### Work request
Output the listing in full. Every line stays exactly as it is.
»»
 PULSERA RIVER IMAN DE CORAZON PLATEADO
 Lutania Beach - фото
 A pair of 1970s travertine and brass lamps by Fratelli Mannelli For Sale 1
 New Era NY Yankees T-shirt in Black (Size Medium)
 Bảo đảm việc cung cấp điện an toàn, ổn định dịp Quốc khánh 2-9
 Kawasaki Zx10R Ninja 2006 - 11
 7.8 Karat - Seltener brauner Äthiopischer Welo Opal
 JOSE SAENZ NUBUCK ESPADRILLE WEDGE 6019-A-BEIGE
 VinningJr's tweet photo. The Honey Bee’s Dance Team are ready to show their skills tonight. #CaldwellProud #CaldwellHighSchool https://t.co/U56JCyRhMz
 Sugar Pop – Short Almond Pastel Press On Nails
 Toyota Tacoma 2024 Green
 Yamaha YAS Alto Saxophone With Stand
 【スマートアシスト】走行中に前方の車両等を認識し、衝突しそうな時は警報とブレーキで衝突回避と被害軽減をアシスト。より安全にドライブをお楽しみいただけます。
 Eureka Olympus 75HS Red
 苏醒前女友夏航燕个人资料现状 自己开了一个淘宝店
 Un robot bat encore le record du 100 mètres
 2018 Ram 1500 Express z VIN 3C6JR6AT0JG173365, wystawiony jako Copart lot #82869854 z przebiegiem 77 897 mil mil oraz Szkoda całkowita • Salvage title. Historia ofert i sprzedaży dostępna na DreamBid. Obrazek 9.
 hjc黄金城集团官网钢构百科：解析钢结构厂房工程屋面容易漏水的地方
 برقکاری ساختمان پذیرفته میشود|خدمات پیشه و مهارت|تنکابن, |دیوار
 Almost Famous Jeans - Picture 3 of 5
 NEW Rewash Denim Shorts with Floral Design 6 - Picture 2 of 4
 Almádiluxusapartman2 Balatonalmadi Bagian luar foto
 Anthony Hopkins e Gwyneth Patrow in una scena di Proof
««
### Task response
 PULSERA RIVER IMAN DE CORAZON PLATEADO
 Lutania Beach - фото
 A pair of 1970s travertine and brass lamps by Fratelli Mannelli For Sale 1
 New Era NY Yankees T-shirt in Black (Size Medium)
 Bảo đảm việc cung cấp điện an toàn, ổn định dịp Quốc khánh 2-9
 Kawasaki Zx10R Ninja 2006 - 11
 7.8 Karat - Seltener brauner Äthiopischer Welo Opal
 JOSE SAENZ NUBUCK ESPADRILLE WEDGE 6019-A-BEIGE
 VinningJr's tweet photo. The Honey Bee’s Dance Team are ready to show their skills tonight. #CaldwellProud #CaldwellHighSchool https://t.co/U56JCyRhMz
 Sugar Pop – Short Almond Pastel Press On Nails
 Toyota Tacoma 2024 Green
 Yamaha YAS Alto Saxophone With Stand
 【スマートアシスト】走行中に前方の車両等を認識し、衝突しそうな時は警報とブレーキで衝突回避と被害軽減をアシスト。より安全にドライブをお楽しみいただけます。
 Eureka Olympus 75HS Red
 苏醒前女友夏航燕个人资料现状 自己开了一个淘宝店
 Un robot bat encore le record du 100 mètres
 2018 Ram 1500 Express z VIN 3C6JR6AT0JG173365, wystawiony jako Copart lot #82869854 z przebiegiem 77 897 mil mil oraz Szkoda całkowita • Salvage title. Historia ofert i sprzedaży dostępna na DreamBid. Obrazek 9.
 hjc黄金城集团官网钢构百科：解析钢结构厂房工程屋面容易漏水的地方
 برقکاری ساختمان پذیرفته میشود|خدمات پیشه و مهارت|تنکابن, |دیوار
 Almost Famous Jeans - Picture 3 of 5
 NEW Rewash Denim Shorts with Floral Design 6 - Picture 2 of 4
 Almádiluxusapartman2 Balatonalmadi Bagian luar foto
 Anthony Hopkins e Gwyneth Patrow in una scena di Proof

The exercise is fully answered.